----- DATA RECORDS -----

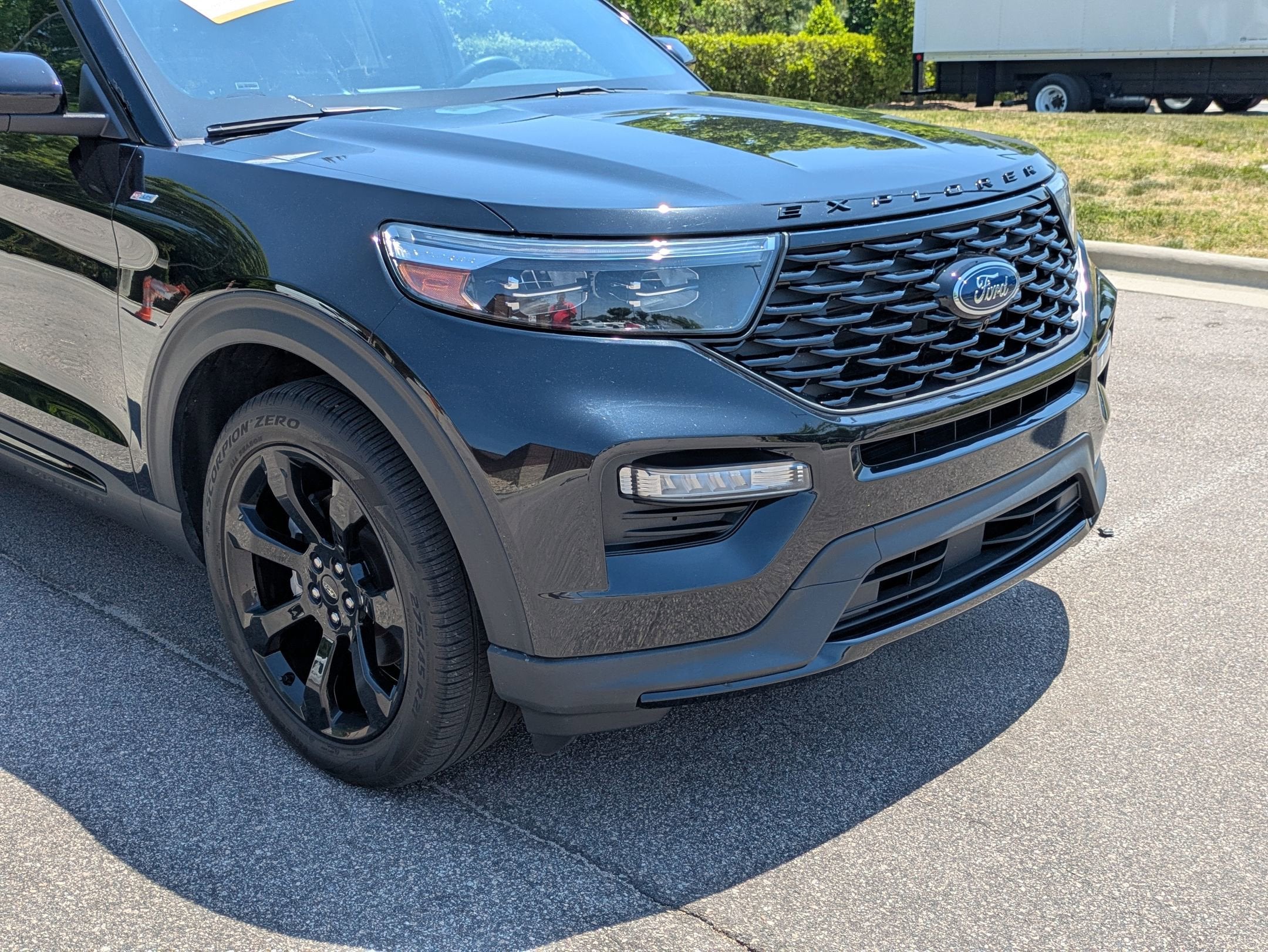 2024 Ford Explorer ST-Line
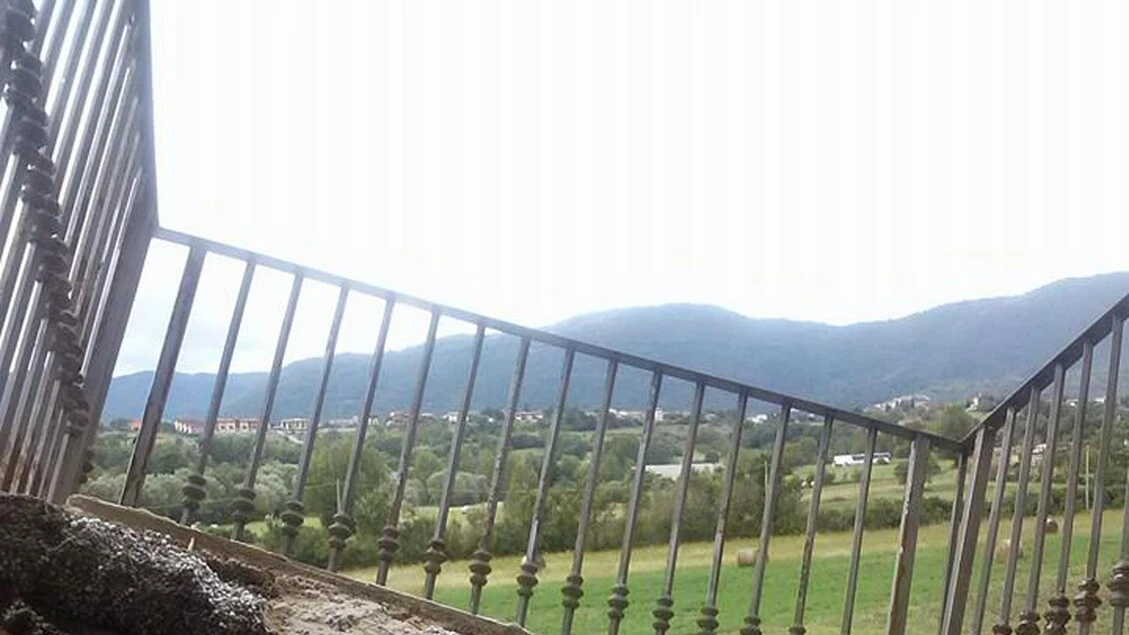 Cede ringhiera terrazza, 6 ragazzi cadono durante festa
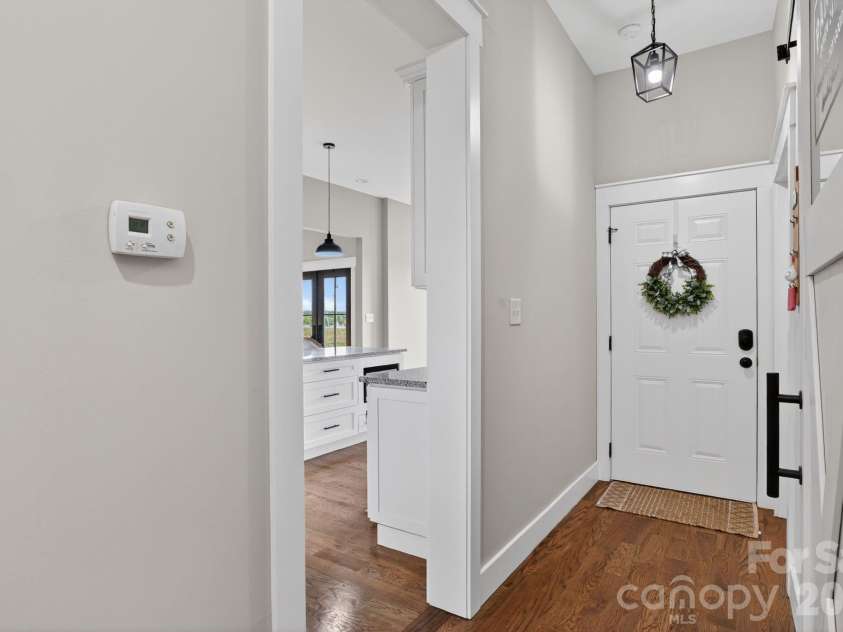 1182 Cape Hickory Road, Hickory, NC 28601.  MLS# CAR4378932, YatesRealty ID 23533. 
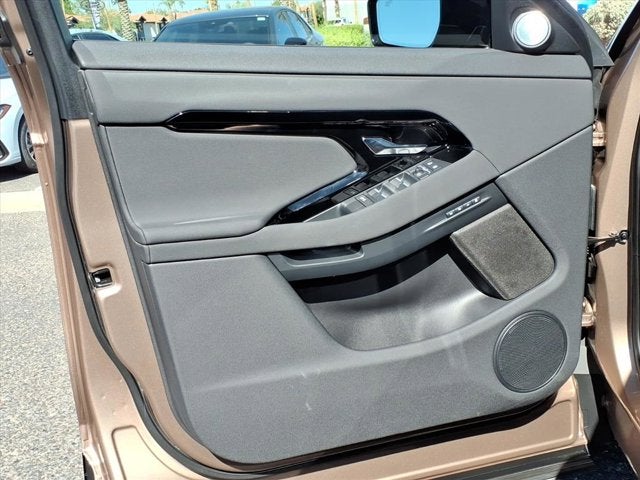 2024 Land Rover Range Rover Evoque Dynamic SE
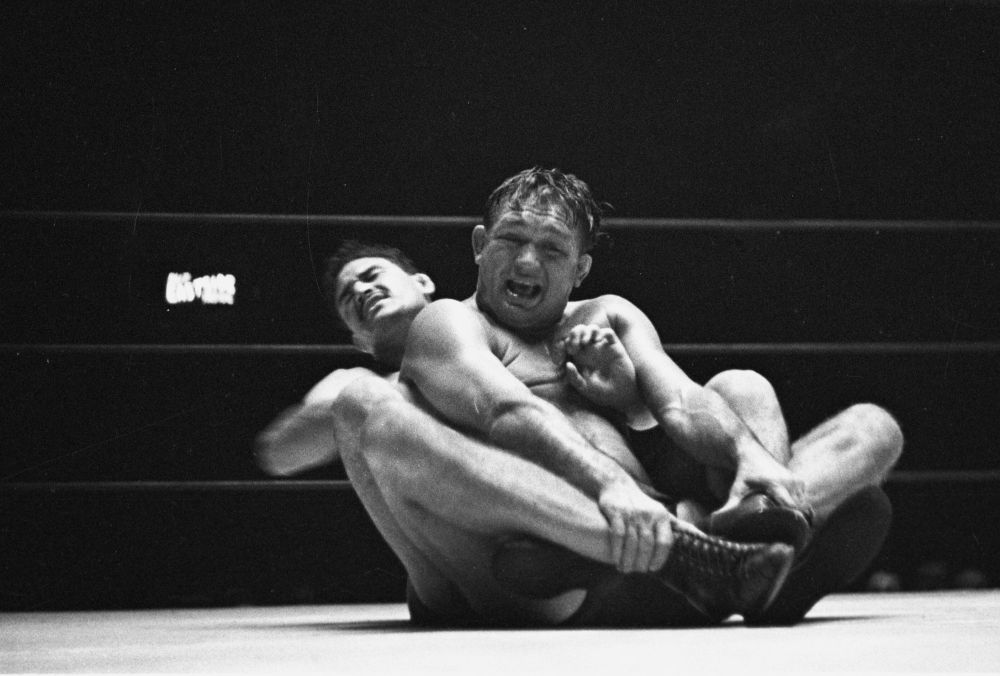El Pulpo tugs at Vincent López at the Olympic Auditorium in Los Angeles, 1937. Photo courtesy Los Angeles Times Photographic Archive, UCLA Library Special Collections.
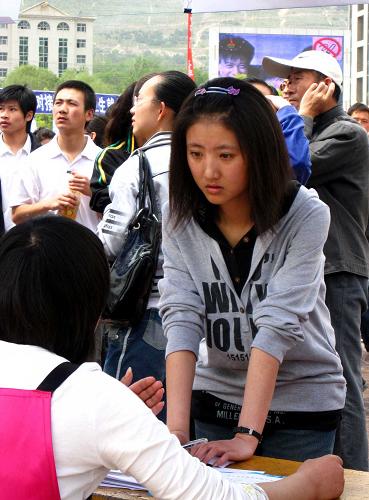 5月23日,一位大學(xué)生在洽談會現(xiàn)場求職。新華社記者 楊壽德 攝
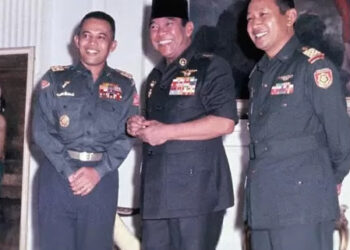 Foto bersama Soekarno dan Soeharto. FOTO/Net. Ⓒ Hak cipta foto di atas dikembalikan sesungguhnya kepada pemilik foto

-----
----- DATA RECORDS -----

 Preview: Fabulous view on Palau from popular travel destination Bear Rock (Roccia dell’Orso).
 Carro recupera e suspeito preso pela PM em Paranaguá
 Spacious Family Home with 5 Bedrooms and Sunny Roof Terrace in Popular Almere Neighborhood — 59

-----
----- DATA RECORDS -----

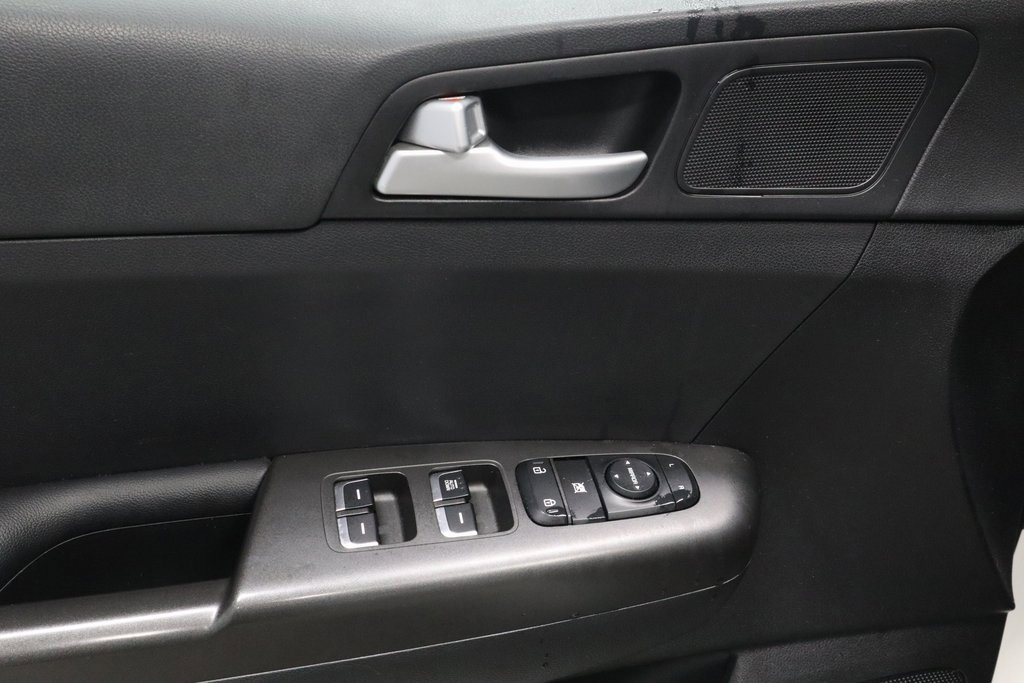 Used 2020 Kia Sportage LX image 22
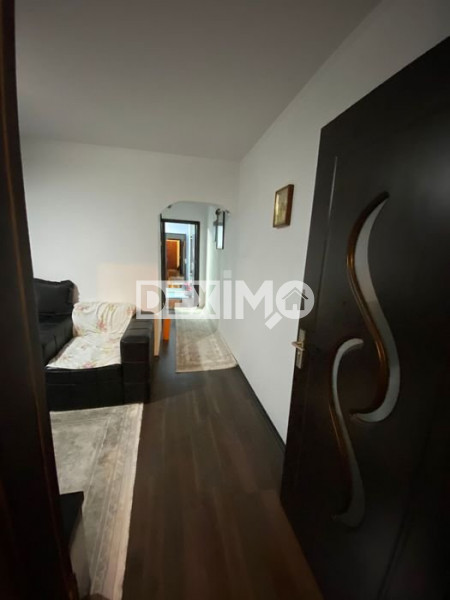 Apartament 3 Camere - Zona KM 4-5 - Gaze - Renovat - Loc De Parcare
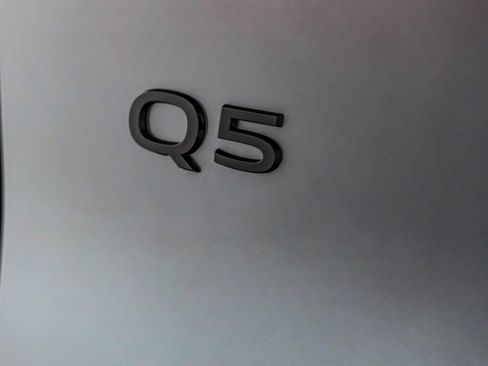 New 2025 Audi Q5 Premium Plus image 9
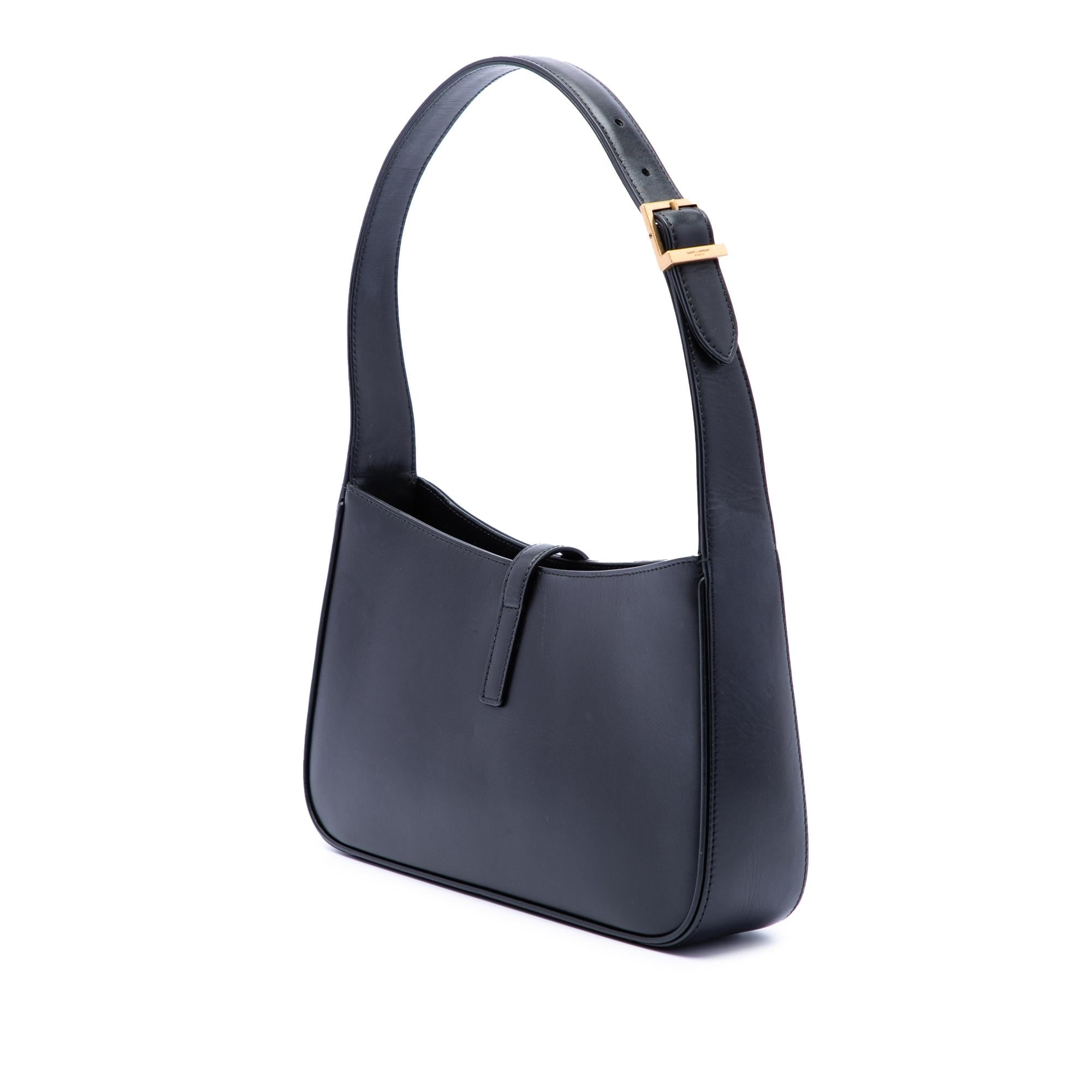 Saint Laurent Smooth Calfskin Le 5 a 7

-----

:: WORK INSTRUCTION ::
With the pictures removed, print only the lines starting at the line that has "2024 Ford Explorer ST-Line" and ending at the line that has "5月23日,一位大學(xué)生在洽談會現(xiàn)場求職。新華社記者 楊壽德 攝", both ends included, exactly as they stand above.

:: SOLUTION ::
 2024 Ford Explorer ST-Line
 Cede ringhiera terrazza, 6 ragazzi cadono durante festa
 1182 Cape Hickory Road, Hickory, NC 28601.  MLS# CAR4378932, YatesRealty ID 23533. 
 2024 Land Rover Range Rover Evoque Dynamic SE
El Pulpo tugs at Vincent López at the Olympic Auditorium in Los Angeles, 1937. Photo courtesy Los Angeles Times Photographic Archive, UCLA Library Special Collections.
 5月23日,一位大學(xué)生在洽談會現(xiàn)場求職。新華社記者 楊壽德 攝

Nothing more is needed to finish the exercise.